1. Field of the Invention
The present invention relates to an encryption/decryption apparatus using an advanced encryption standard (AES) Rijndael algorithm, and more particularly, to an apparatus and method for improving an encryption/decryption rate using an AES Rijndael algorithm.
2. Discussion of Related Art
Due to the widespread application of electronic payment methods using the Internet and mobile communication networks, the security of private information is very important. The ongoing development of Internet and mobile communication network technology is shadowed by the development of hacking technology for the malicious purpose of stealing private information, etc.
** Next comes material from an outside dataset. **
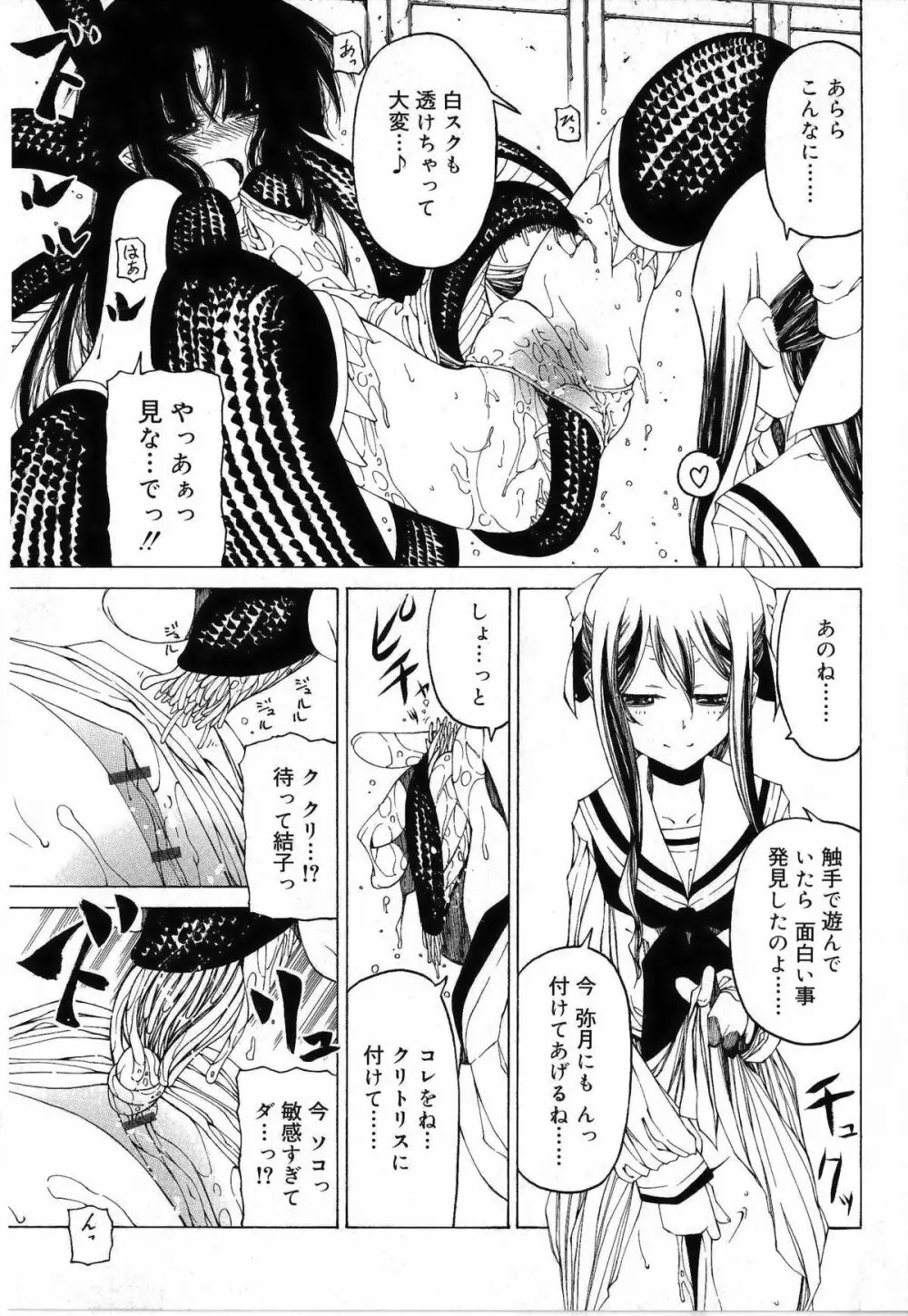 その手をとって Page.115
An encryption/decryption process is needed to secure private information, and an AES Rijndael algorithm is used to improve security.
The Rijndael algorithm was designed by Joan Daemen and Vincent Rijmen. Details of its design are described in an AES proposal document submitted to the NIST (National Institute of Standards and Technology). The U.S. government has adopted the Rijndael encryption algorithm as a standard through NIST. The AES algorithm was announced by FIPS (Federal Information Processing Standards) 197 as a NIST published document. The AES Rijndael algorithm is now used worldwide. A large amount of research is aimed at efficiently implementing the AES Rijndael algorithm.
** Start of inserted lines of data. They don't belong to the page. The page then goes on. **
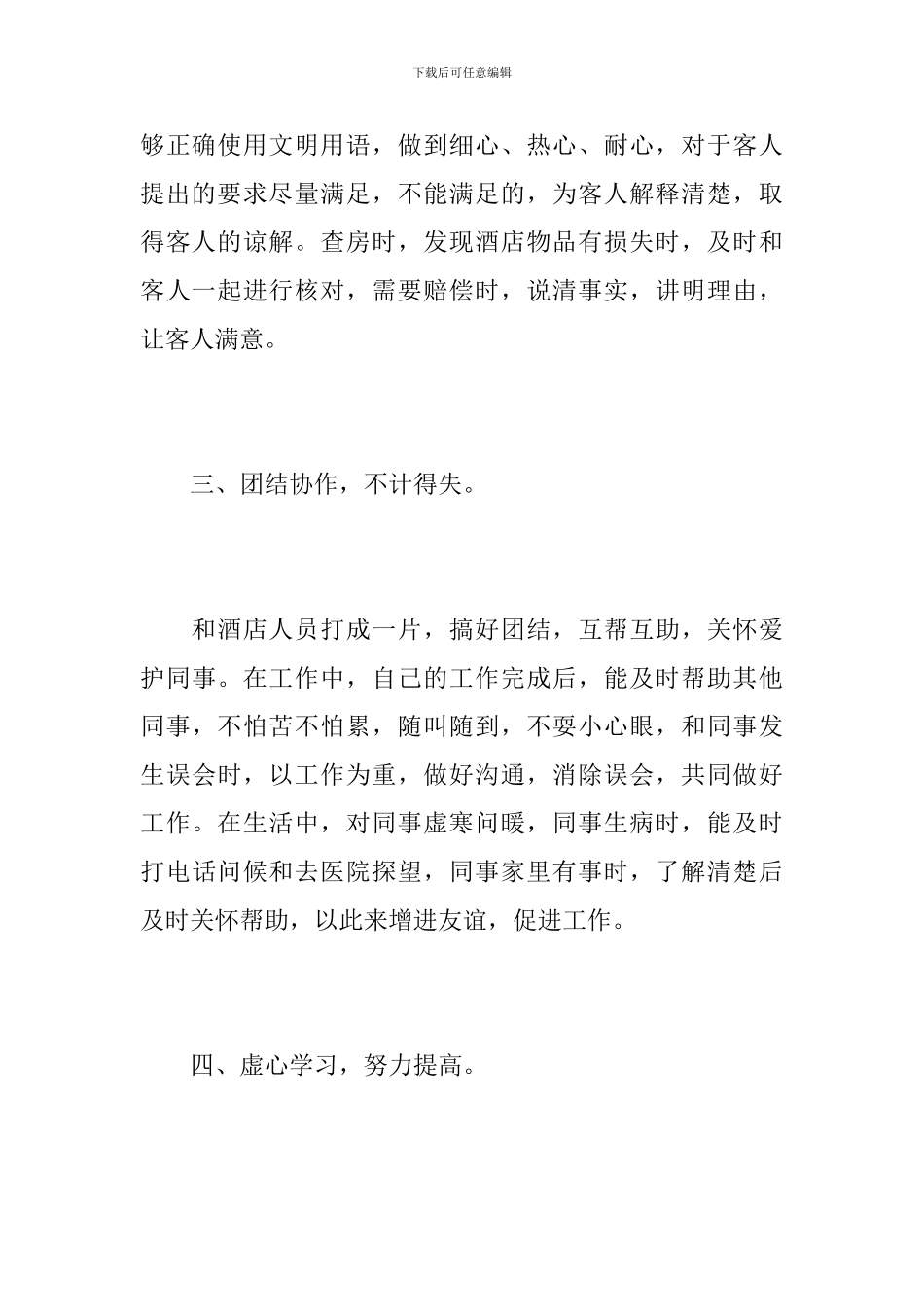 服务员个人工作总结范本_第3页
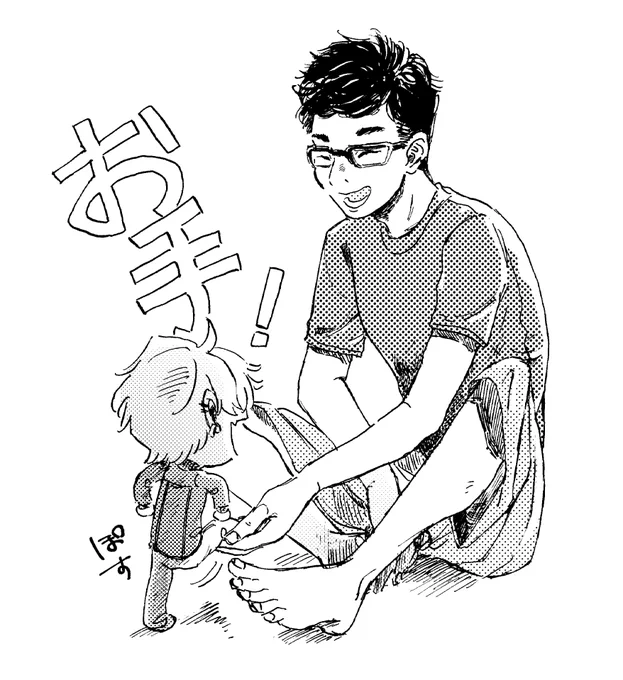 ヌ～さんとくずはくん 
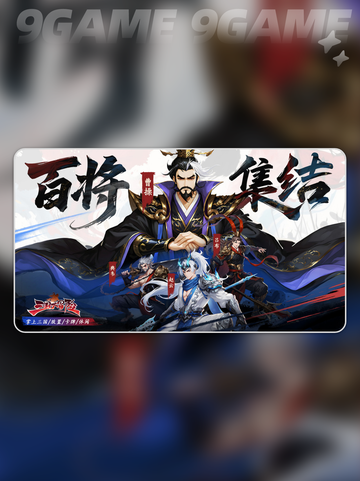 🔥三国大冒险福利码速领！🎁截图5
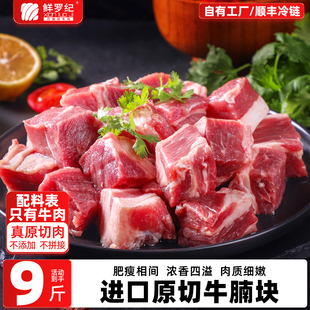 鲜罗纪原切谷饲牛腩块安格斯进口雪花牛肉粒清炖红烧新鲜牛腩肉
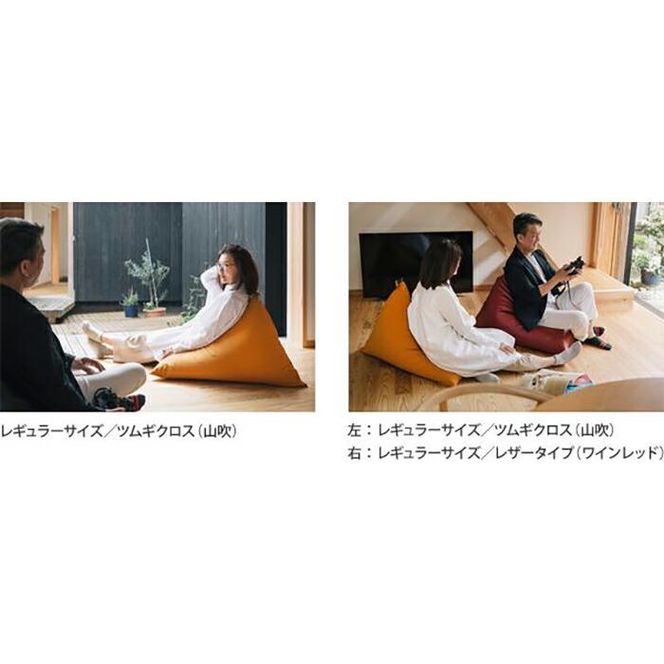 【大東寝具】～くつろぎのかたち～ 座・気まま ツムギクロス（レギュラーサイズ）【ビーズクッション座椅子】（カラー：雪代）［ 京都 寝具 老舗 クッション 人気 おすすめ くつろぎ 寝ごこち お取り寄せ 通販 送料無料 ふるさと納税 ］ 261009_A-BM009VC07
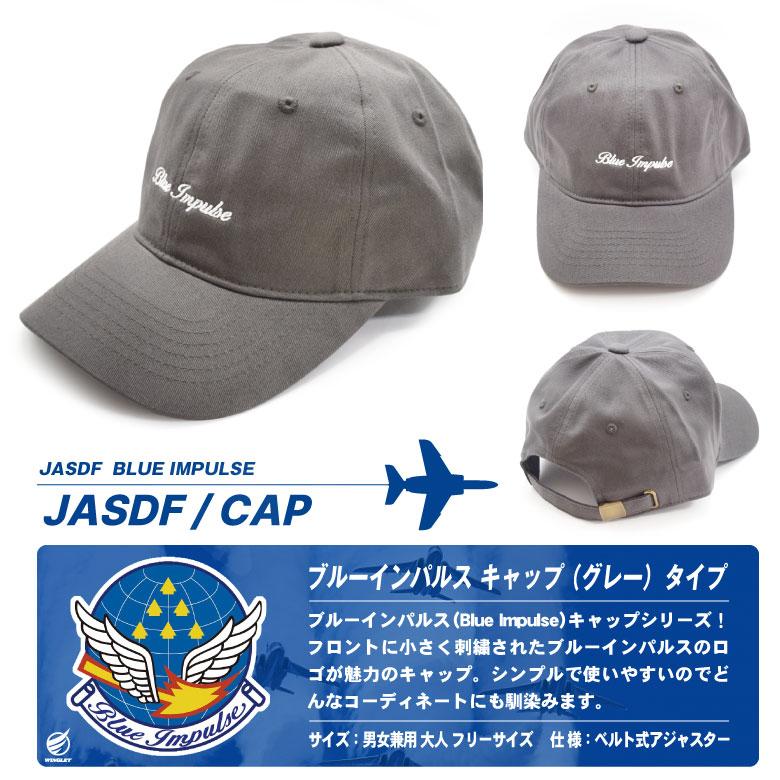 航空自衛隊 ブルーインパルス キャップ 帽子 グレー タイプ 男女兼用 大人 フリーサイズ JASDF blueimpulse cap 自衛隊 ファッション 航空祭 グッズ アイテム |  | 06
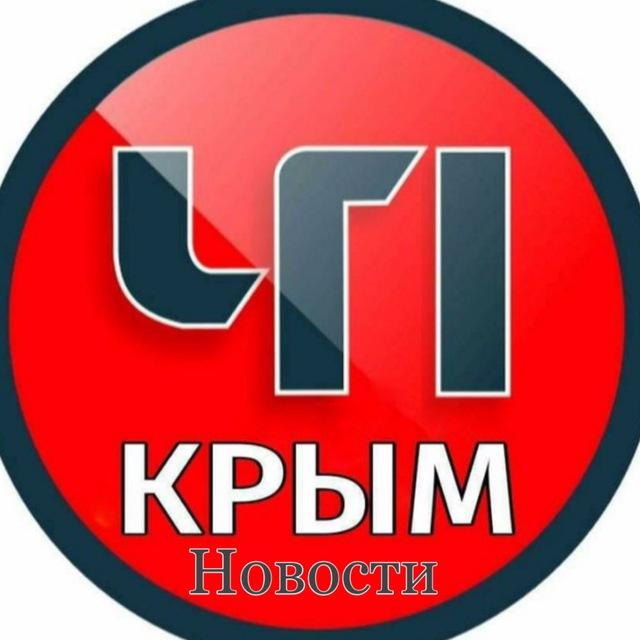 ЧП / СЕВАСТОПОЛЬ КРЫМ НОВОСТИ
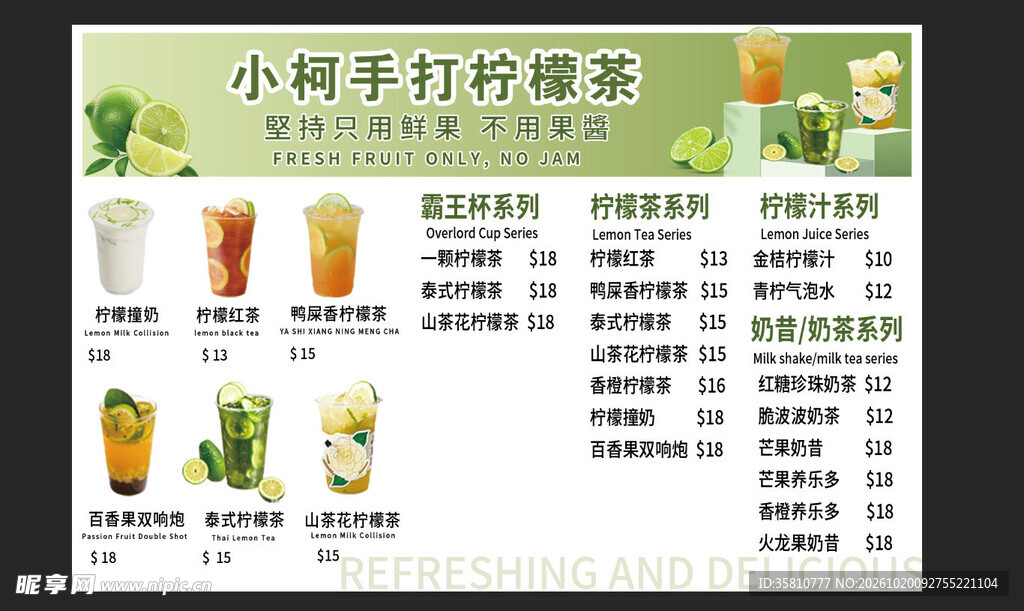手打柠檬茶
FIG. 1 shows a configuration of a conventional encryption/decryption apparatus using an AES Rijndael algorithm.
Referring to FIG. 1, a conventional encryption/decryption apparatus 100 includes a round key generator 110, a round key memory 120, and a round executor 130.
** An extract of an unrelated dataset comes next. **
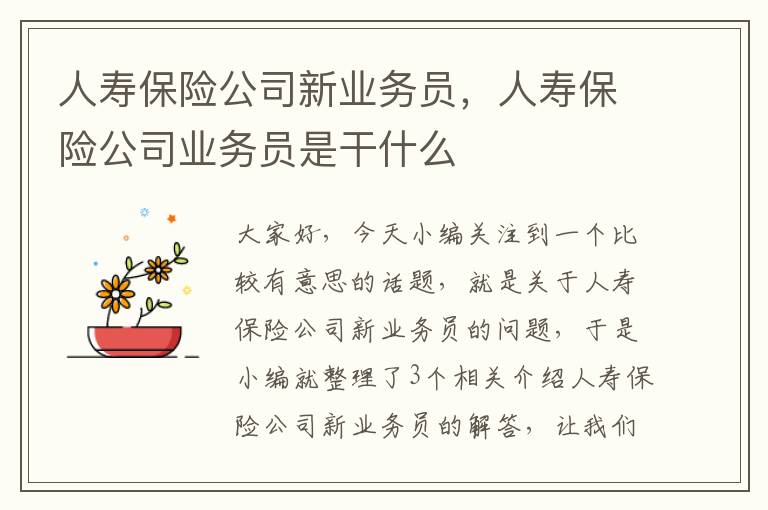 人寿保险公司新业务员，人寿保险公司业务员是干什么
The round key generator 110 generates round keys for performing first to last rounds using an input key. For example, when the AES algorithm uses a 128-bit round key, the round key generator 110 divides the 128-bit round key into four 32-bit partial round keys.
The round key memory 120 stores the round keys generated in the round key generator 110. For example, the round keys stored in the round key memory 120 may be round keys for first to last rounds including first to fourth partial round keys 201a to 201d, 202a to 202d, - - - , 203a to 203d as indicated by reference numerals 201, 202, - - - , 203 shown in FIG. 2.
The round executor 130 performs the first to last rounds for encrypting plaintext, or decrypting ciphertext, using the round keys stored in the round key memory 120. The round executor 130 includes first to fourth registers and performs a function for loading the 32-bit partial round keys to the first to fourth registers by accessing the round key memory 120 four times.
The round executor 130 performs the first to last rounds using the loaded round keys and outputs generated ciphertext or plaintext.
When the above-described AES Rijndael algorithm performs the first to last rounds using the 128-bit round key, the round executor 130 should load the partial round keys to the first to fourth registers by accessing the round key memory 120 four times per round. To perform the first to last rounds, the round executor 130 should access the round key memory 120 (N+1)*4 times, which makes encryption/decryption time-consuming.